In the evening, Sophie finds a thick package in the den. Inside, there’s a videotape. She plays the tape in her VCR, and sees a man standing in front of the Acropolis in Athens. The man introduces himself as Alberto Knox. He points out the large structure on the hill—the Parthenon. Inside, he says, there was a huge statue of Athena, before which the Greeks prayed. Alberto also points out the ruins of an ancient theater, in which the works of the greatest Greek dramatists were performed.
As Sophie proceeds with her education, the media through which she learns become more advanced: first letters, now videotapes (there were no DVDs back in 1990!). This reflects Sophie’s growing awareness of the world and of herself—she no longer spends so much time in her den, suggesting that she’s becoming more confident and less cloistered.

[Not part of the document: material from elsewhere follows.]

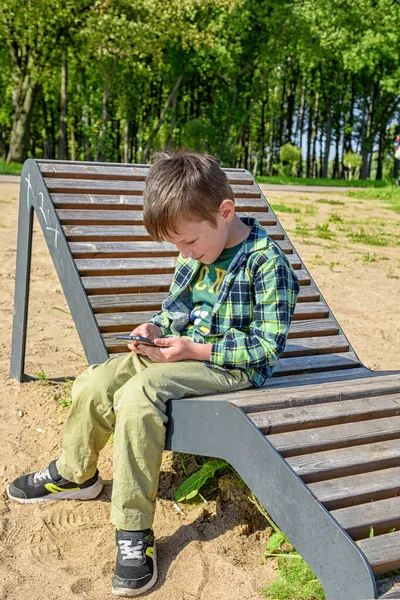 Feliz Niño Está Sentado Banco Jugando Teléfono Móvil Fondo Parque — Foto de Stock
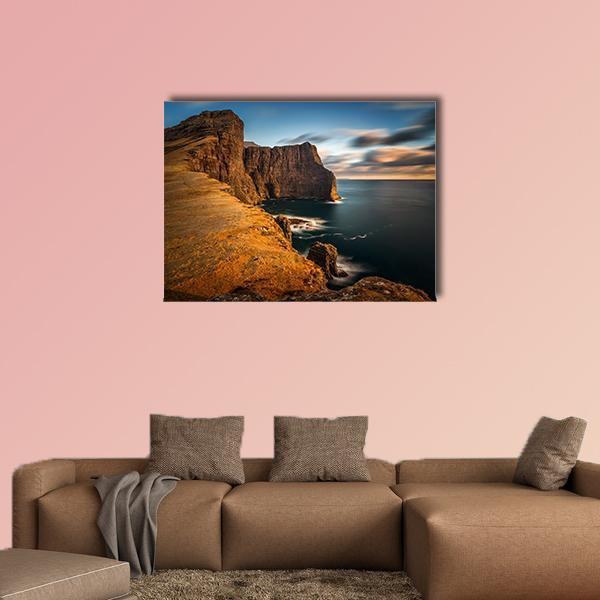 High Coastal Cliffs at Golden Hour Canvas Wall Art in brown, orange and blue, single panel hung on a wall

Suddenly, the video “cuts” to a different version of Athens. The stone ruins have been replaced by glorious, brightly colored buildings. Alberto explains that Sophie is looking at Athens as it once was. Alberto strolls through the streets and greets two men, one old, one young. The old man is Socrates, and the young man is Plato. Plato greets Sophie and gives her a couple of challenges. He asks Sophie why all horses are the same, if the soul is immortal, if men and women are equally sensible, and how a baker could bake fifty identical cookies. The tape ends, and Sophie can’t help but think that she’s been dreaming. She goes to her room and takes a nap.

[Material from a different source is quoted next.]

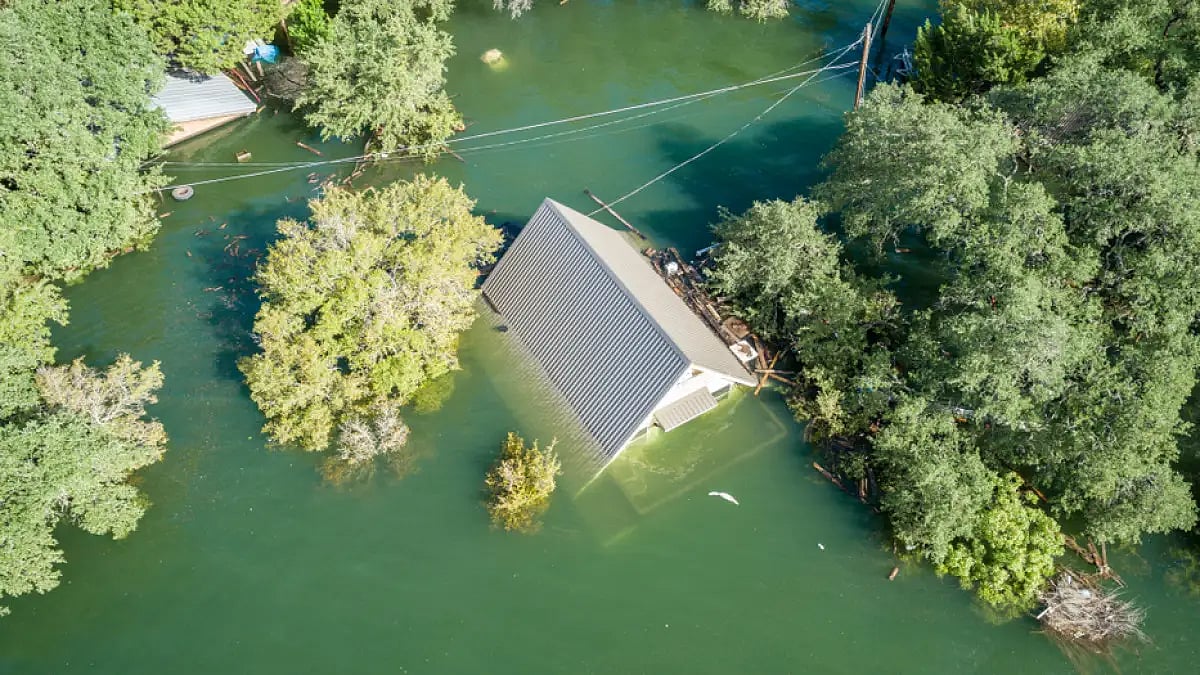 A house submerged in flood water in Central Texas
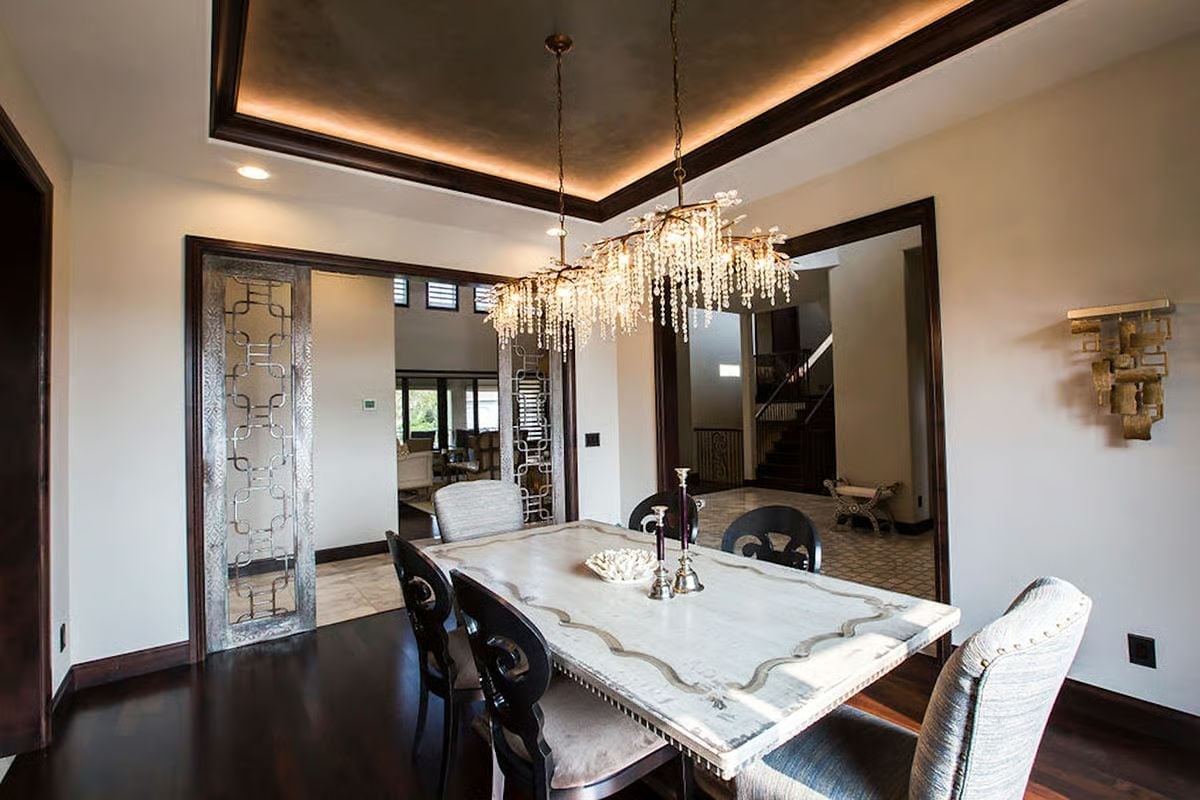 Crystal Chandelier Meets Tray Ceiling With Warm Cove Lighting Above a Marble Dining Table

Sophie’s lessons don’t just get more technologically sophisticated—they get more and more fantastical. It’s not explained (at least not right away) how Alberto has arranged for the city of Athens to be rebuilt from the ruins. There’s a strong element of fantasy and even absurdity running through this book, and it will only get stronger. This helps Gaarder keep things interesting and fun even as he pursues an otherwise heavy subject.